“Dediler ki:
‘(Bütün olup biten,) bu dünyâ-hayâtımızdan başkası değildir, ölürüz ve
diriliriz; bizi ‘kesintisi olmayan zaman’ (dehrin akışın)dan başkası yıkıma
(helâke) uğratmıyor’. Oysa onların bununla ilgili hiç-bir bilgileri yoktur; yalnızca
zannediyorlar” (Câsiye
24).
Kâfirler
ve müşrikler bu nedenle tüm zamanlarda; “biz ancak zamâna uyarız” demişlerdir
ve derler. Kendilerine Allah, âhiret, gayb, vahiy, peygamber, din, İslâm
hatırlatıldığında; “bu zamanda mı?” derler. Her zaman zamânı öne çıkarırlar ve
-sözde- delil olarak zamânı gösterirler. Zîrâ zamâna tapmaktadırlar.
Peki
zaman nedir ve “zaman” denilen şey gerçek bir şey midir?.
Aslında zamânın aslî bir varlığı yoktur.
Zaman, maddenin hareketinin bir sonucudur.
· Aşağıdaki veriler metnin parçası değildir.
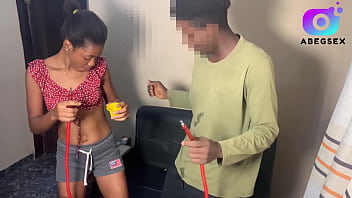 Teen ebony amateur eagerly licks pussy and takes black cock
Bir maddeyi bir yerden alıp başka
bir yere koyduğunuzda yâni hareket ettirdiğinizde zaman başlar ve sürer gider.
Zamânın izâfî olması, daha doğrusu izâfî sanılmasının nedeni budur. Maddenin
çeşitli hareketleri ise, zamânı algılayış olarak farklı kılar. Tabi bu bir
yanılsamadır. Yâni bir kişiye belli bir zaman süreci çok kısa yada uzun gelmiş
olabilir ama geçen süre aynıdır. Saat bildiğimiz saattir yâni gerçek anlamda
kişiye göre değişmez, izâfî değildir. Değişen şey kişinin algısıdır. Kişinin
o-günkü yada o-anki algısına göre zaman yavaş yada hızlı gibi akar gibi olur.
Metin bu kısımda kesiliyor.